Credit looks very similar to Debit. However, a more interesting use case is the MultiDebit operation that offers a transactional interface. Just like your relational database's ACID semantics, the transactional semantics of Akka offers atomicity over this message. Either the whole MultiDebit will pass or it will be rollbacked.


class BankAccountActor extends Actor {

  //..
  def receive: PartialFunction[Any, Unit] = {

    // many debits: can fail
    // demonstrates true rollback even if multiple puts have been done
    case MultiDebit(accountNo, amounts, failer) =>
      txnLog.add("MultiDebit:" + accountNo + " " + amounts.map(_.intValue).foldLeft(0)(+ _))
      val m: BigInt =
      accountState.get(accountNo) match {
        case None => 0
        case Some(v) => BigInt(v.asInstanceOf[String])
      }
      var bal: BigInt = 0
      amounts.foreach {amount =>
        bal = bal + amount
        accountState.put(accountNo, (- bal))
      }
      if (bal > m) failer !! "Failure"
      reply(- bal)
    
    //..
  }
}



Now that we have the implementation in place, let's look at the test cases that exercise them ..

First a successful debit test case. Note how we have a separate failer actor that reports failure of operations to the caller.

@Test
def testSuccessfulDebit = {
  val bactor = new BankAccountActor
  bactor.start
  val failer = new PersistentFailerActor
  failer.start
  bactor !! Credit("a-123", 5000)
  bactor !! Debit("a-123", 3000, failer)
  val b = (bactor !! Balance("a-123")).get.asInstanceOf[JsValue]
  val JsNumber(n) = b
  assertEquals(BigInt(2000), BigInt(n.toString))

  bactor !! Credit("a-123", 7000)
  val b1 = (bactor !! Balance("a-123")).get.asInstanceOf[JsValue]
  val JsNumber(n1) = b1
  assertEquals(BigInt(9000), BigInt(n1.toString))

  bactor !! Debit("a-123", 8000, failer)
  val b2 = (bactor !! Balance("a-123")).get.asInstanceOf[JsValue]
  val JsNumber(n2) = b2
  assertEquals(BigInt(1000), BigInt(n2.toString))
  assertEquals(7, (bactor !! LogSize).get)
}


And now the interesting MultiDebit that illustrates the transaction rollback semantics ..

@Test
def testUnsuccessfulMultiDebit = {
  val bactor = new BankAccountActor
  bactor.start
  bactor !! Credit("a-123", 5000)
  val b = (bactor !! Balance("a-123")).get.asInstanceOf[JsValue]
  val JsNumber(n) = b
  assertEquals(BigInt(5000), BigInt(n.toString))

  val failer = new PersistentFailerActor
  failer.start
  try {
    bactor !! MultiDebit("a-123", List(500, 2000, 1000, 3000), failer)
    fail("should throw exception")
  } catch { case e: RuntimeException => {}}

  val b1 = (bactor !! Balance("a-123")).get.asInstanceOf[JsValue]
  val JsNumber(n1) = b1
  assertEquals(BigInt(5000), BigInt(n1.toString))

  // should not count the failed one
  assertEquals(3, (bactor !! LogSize).get)
}


In the snippet above, the balance remains at 5000 when the debit fails while processing the final amount of the list passed to MultiDebit message.

Relational database will always remain for the use case that it serves the best - persistence of data that needs a true relational model.
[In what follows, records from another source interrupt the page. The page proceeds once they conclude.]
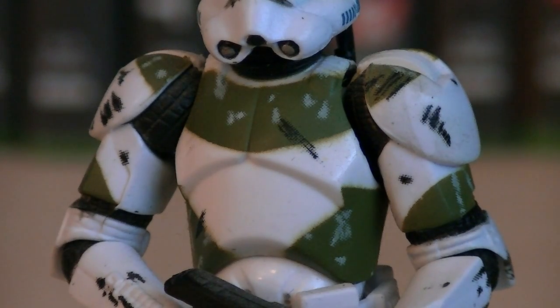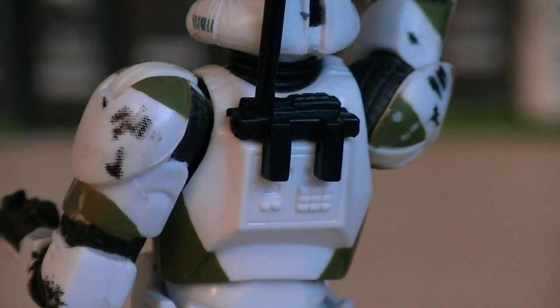Throughout his armor is a various amount of detailing, including green markings, black smudge marks, and grey battle damage. On the back of his torso is various details, as well as a black removable antenna.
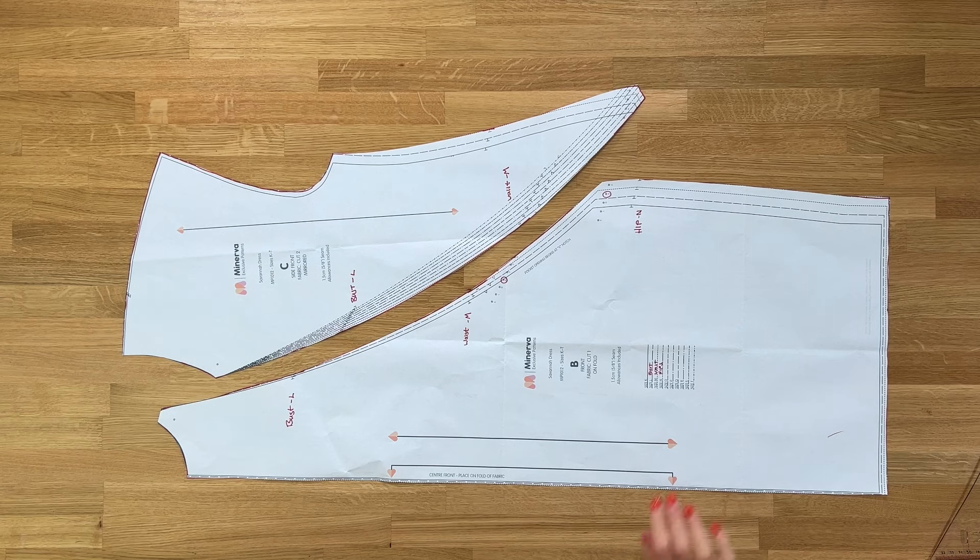Now let's look at lengthening and shortening the pattern. The pattern is designed for someone of height 5 foot 6, which is 167 centimeters. If you're taller or shorter than that you may want to lengthen or shorten the whole garment. You might also want to do this if your upper torso is longer or shorter than average. I'd suggest lengthening and shortening between the bust and the waistline for torso length, but you could also do it below the hip line if you're happy with the fit from the waist up and just want to lower or raise the hem.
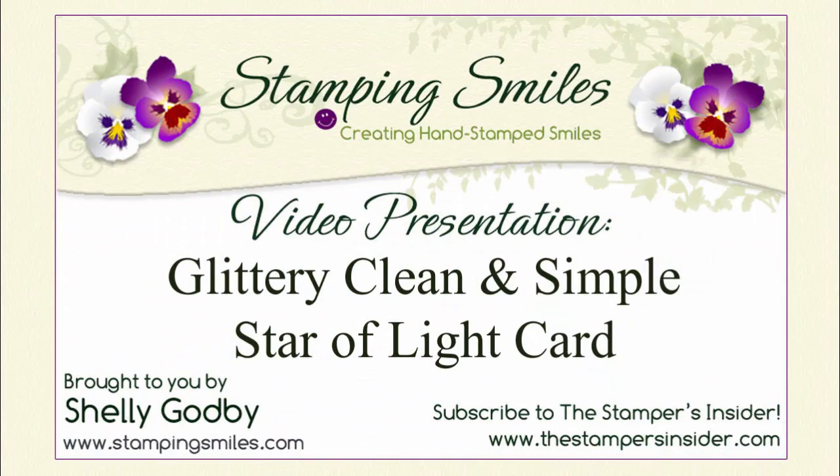Hi! Come and watch as I demonstrate my clean and simple and glittery Christmas card using the wonderful Stampin' Up! Star of Light stamp set and coordinating Starlight Thinlit Dies. I'm so glad you're joining me today. Welcome to StampingSmiles.com.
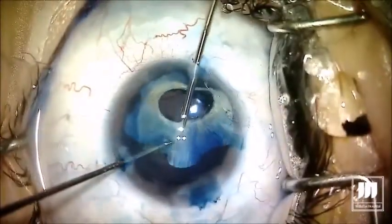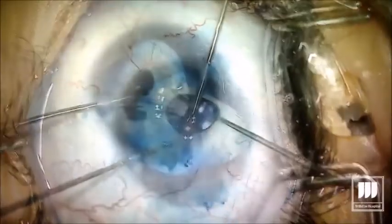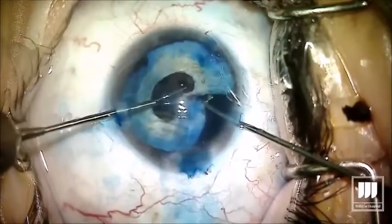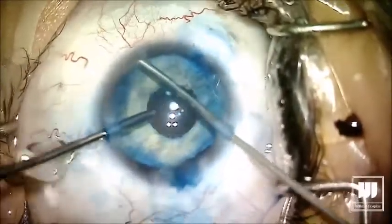The iris prosthesis will go in — it does not like to go into the capsular bag. There are some people who say these actually work better when placed in the sulcus, but I do think that in-the-bag fixation is very nice: the eyes are very quiet and it holds the iris prosthesis in place quite well. But it does take a little tugging and pushing and pulling, as you can see in the video.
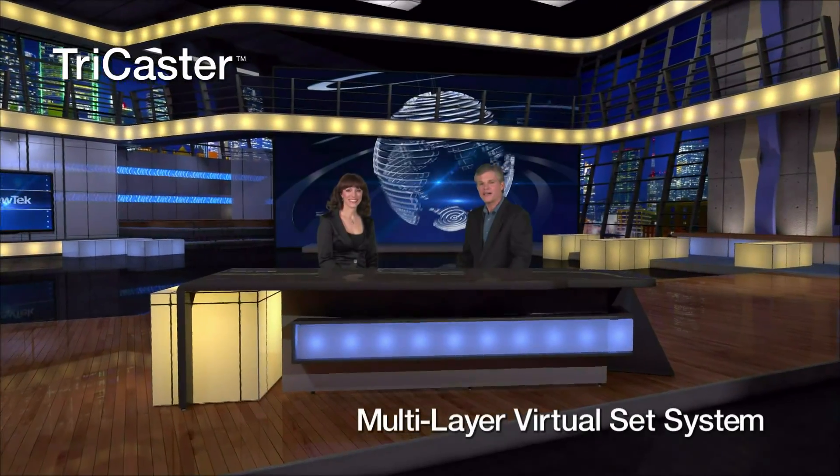Now we're looking at the TriCaster Multi-Layered Virtual Set System. This is the original type of TriCaster Virtual Set, and in this situation we're seeing it in a multi-camera application. We have a center two-shot, and then we have two single close-ups, a left and a right — something that you would see in an interview or a news type of program.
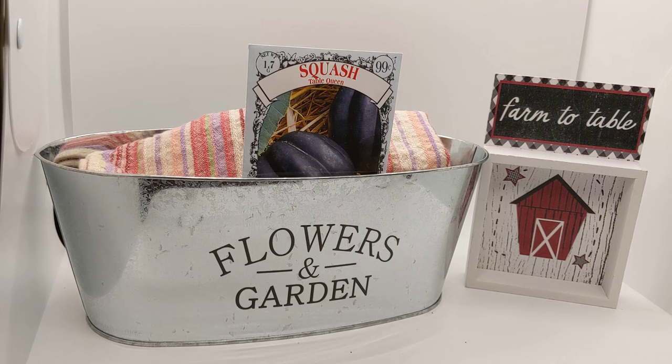How many squash come from one plant? Depending on your soil and your conditions, you can get up to five squash off of one plant. There are different types of acorn squash — is it a vine or a bush? Well, some are climbing vines and some hybrids are bushes.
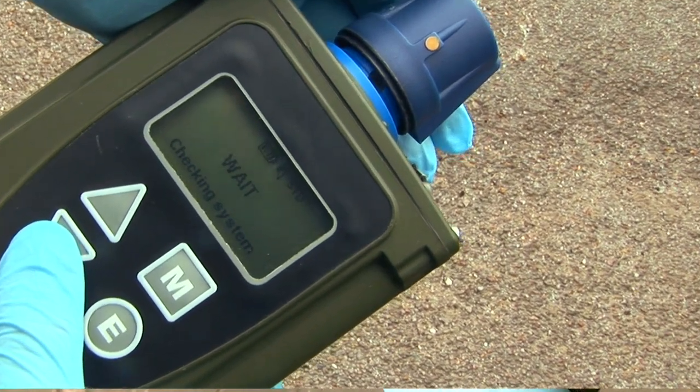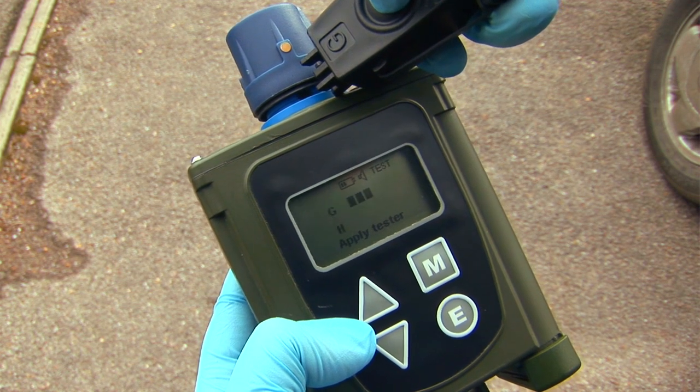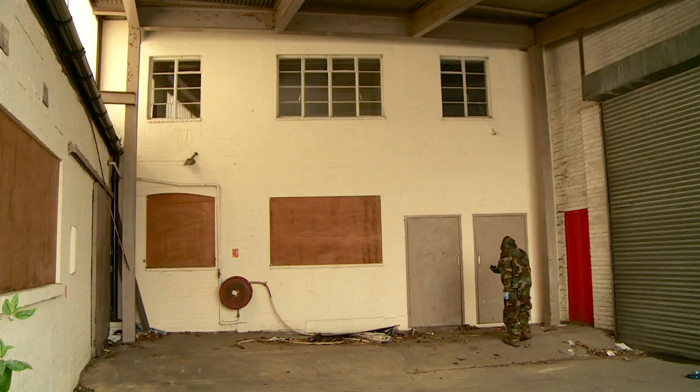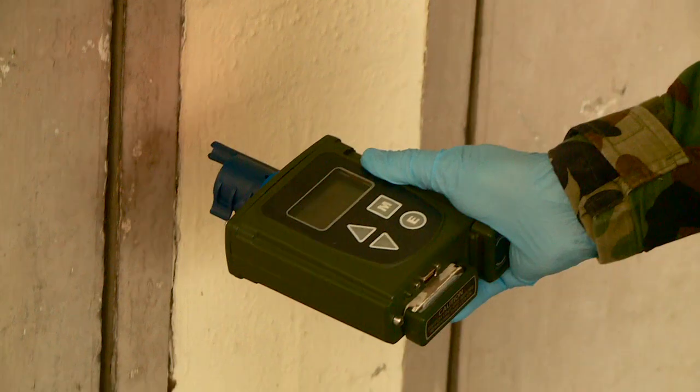Once warm-up is complete, the Simulation Confidence Tester ensures the student understands the confidence test procedure, including duration of test and when to actuate the simulant release buttons.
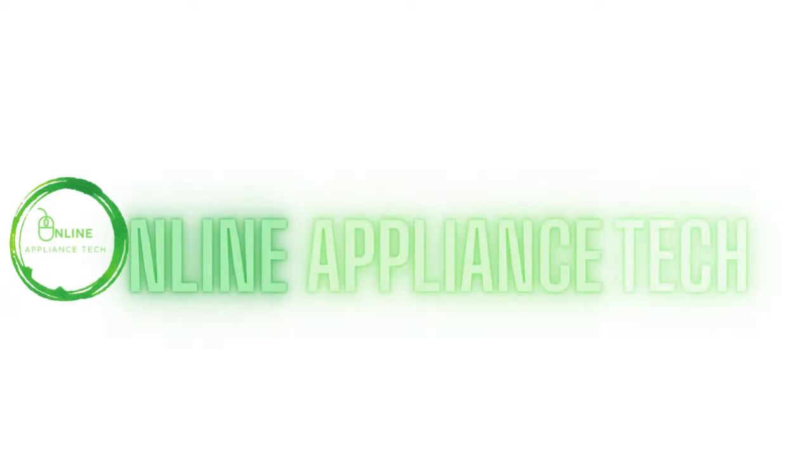Hello and welcome to Online Appliance Tech. Today we're working on a Samsung washer with a 4C error code.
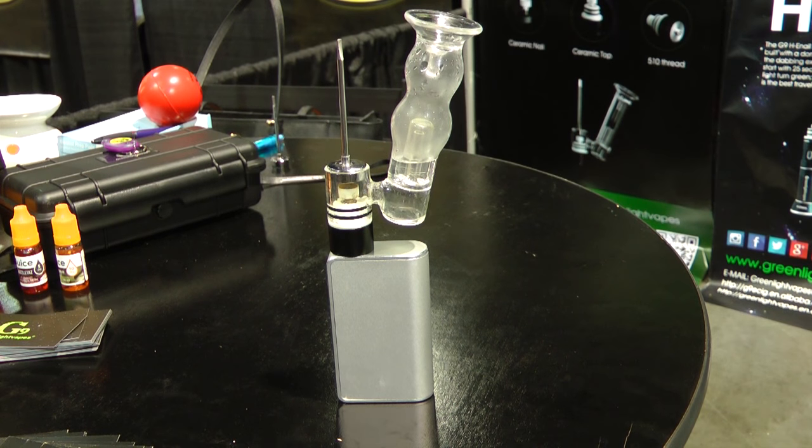This is Raymond with Vaping 360 dropping by the G9 booth, where I've seen some of the most unusual and unique atomizers all show. It comes in an all-in-one version and a 510 version. It's called the G9 Nail.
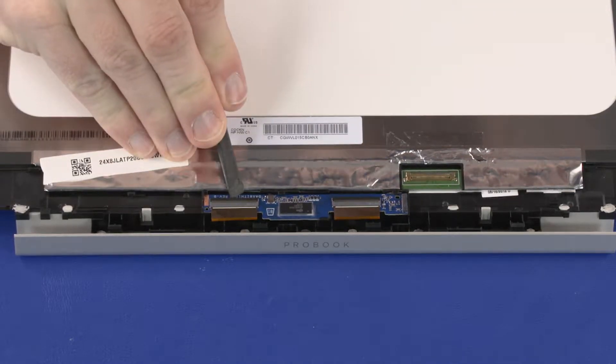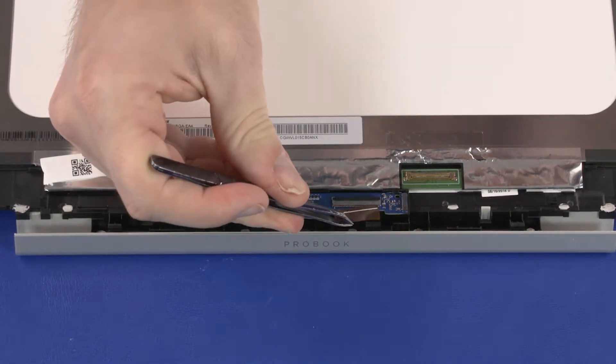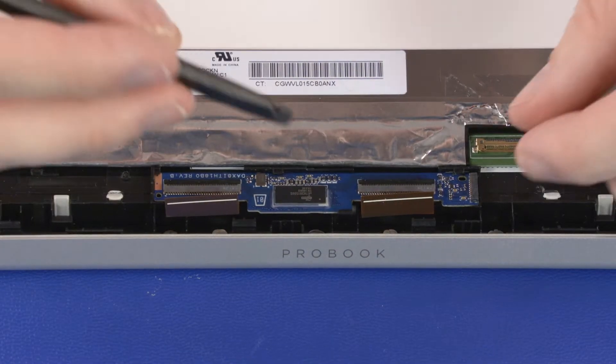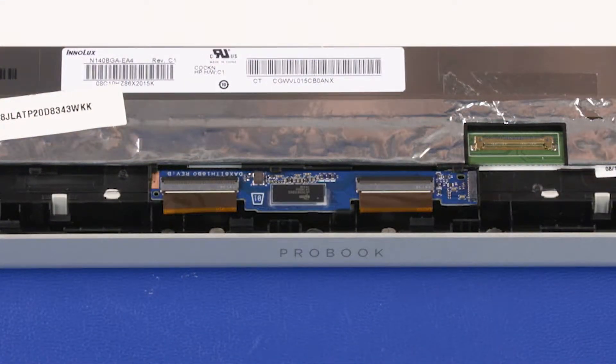Using minimal force, lift the locking bar up on the two touch control board ZIF connectors and disconnect the touch control board ribbon cables from the touch control board. Release the touch control board from the retention tab and slide it out from the cradle on the display panel. Reverse this procedure to install the touch control board.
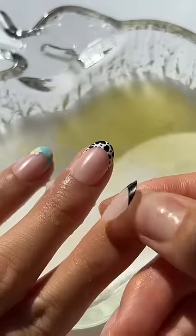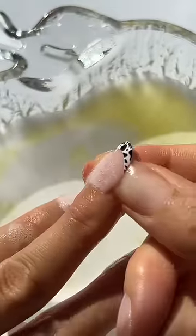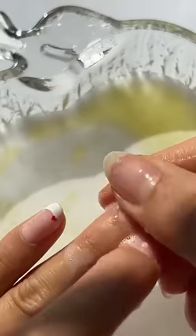Then gently lift the sides of each nail and peel the nail off. If it doesn't come off easily like this, soak them a little longer and try again.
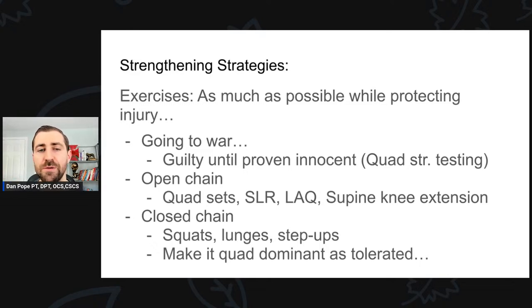For exercise selection, I use a lot of open chain and a lot of closed chain. Early on: quad sets, straight leg raises, short arc quads, supine knee extensions — these are very useful when you can't put as much stress through the area. I also use a ton of closed-chain exercises, which are quite safe post-op ACL. Just be aware of concomitant pathology — for example, a big posterior meniscus tear means heavy loaded deep squats will put a ton of stress on that meniscus even if it's safe for the ACL. You have to respect the specific type of injury and choose exercises that strengthen the quad without aggravating the healing surgical site.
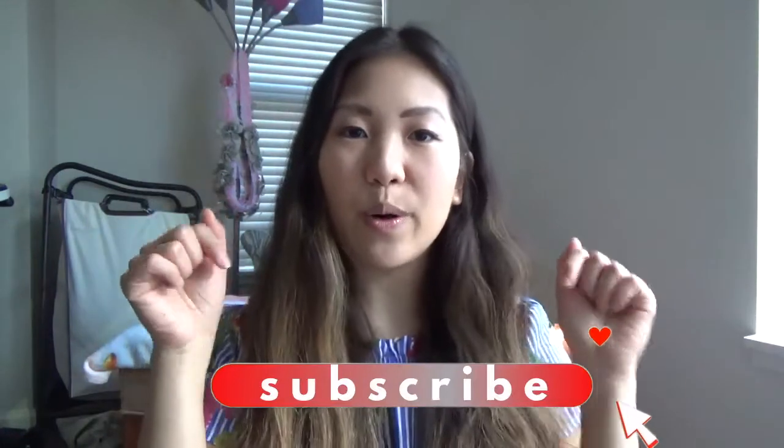I drink a ton of water, and what works for me is that I drink water using a straw. I use a stainless steel straw, and I feel that I'm just drinking so much more water when I'm using a straw. I usually use a tumbler and just keep drinking it the whole day. If you like this video, please make sure to give it a thumbs up and also subscribe to my channel below. I'm trying to reach 100 subscribers, so it would mean a lot if you subscribe.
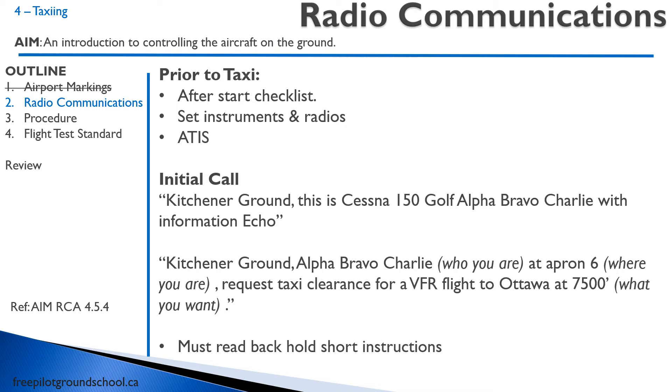So you're going to call ground. Here's an example: 'Kitchener Ground, this is Cessna 150 Golf Alpha Bravo Charlie with information Echo.' So you're identifying who you're calling — Kitchener Ground — and who you are: Cessna 150 Golf Alpha Bravo Charlie. That's G-A-B-C as the registration in phonetics. The information Echo is the ATIS. That's called your initial call, and what it allows the air traffic controller to do is write down your information on their strip and get ready.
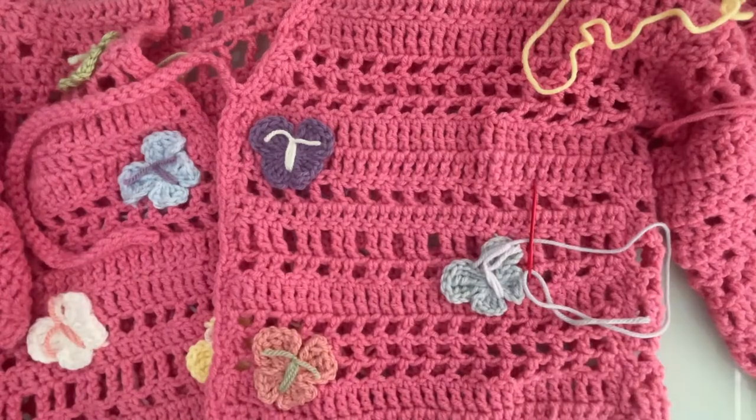And then just continue all the way around. Thanks for watching — that's how you make this sweater, more or less. Follow along with the pattern and check out my blog. More free patterns to come, and I'm still going to make some paid patterns too. Thanks for watching, bye.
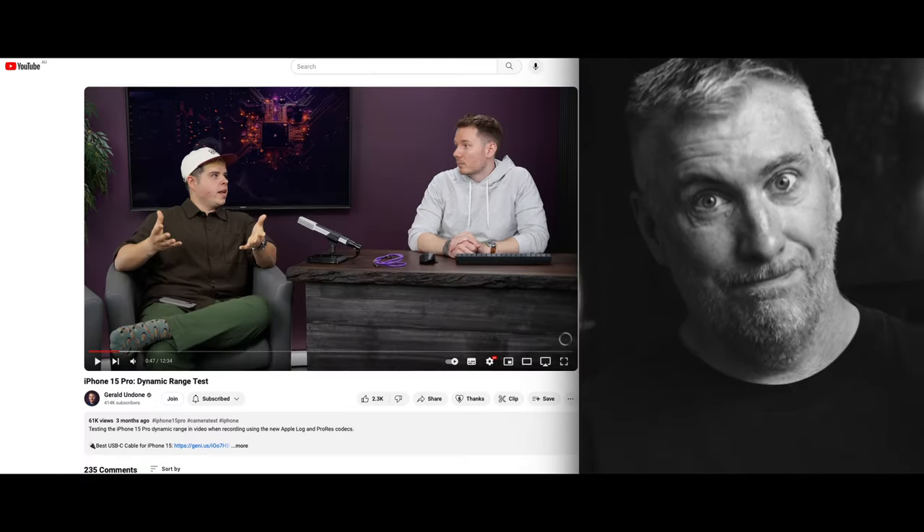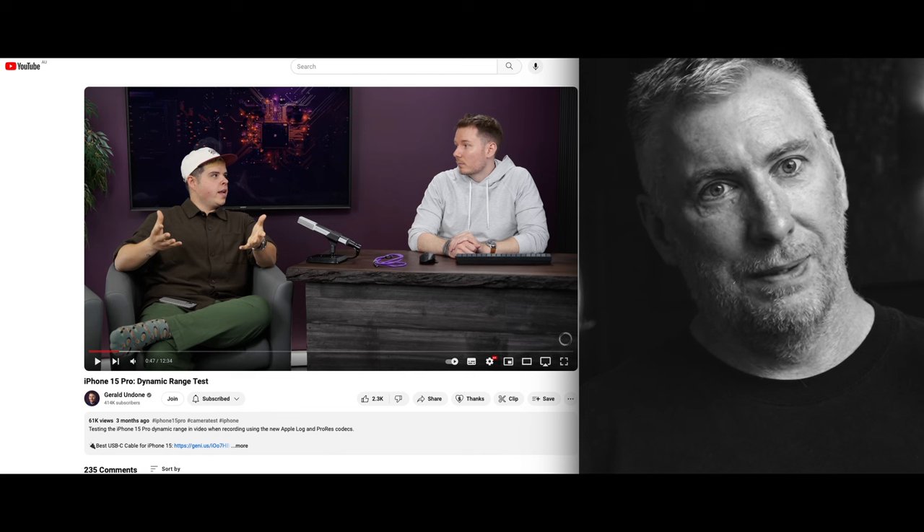Back in the studio. Like I said in the field, there are a few things I don't like. One: the ND filter isn't strong enough. The maximum dynamic range on the iPhone 15 Pro Max is about 13 and a half stops — I got that information from Gerald Undone, who really knows his stuff. Link in the description.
NoSQL is gradually making its place in the application stack for the complementary set of use cases that need a much loosely coupled model, a key/value database or a document oriented database. Apart from easier manageability, another big advantage using these databases is that they do not need big ceremonious ORM layers between the application model and the data model. This is because what you see is what you store (WYSIWYS), there is no paradigm mismatch that needs to be bridged.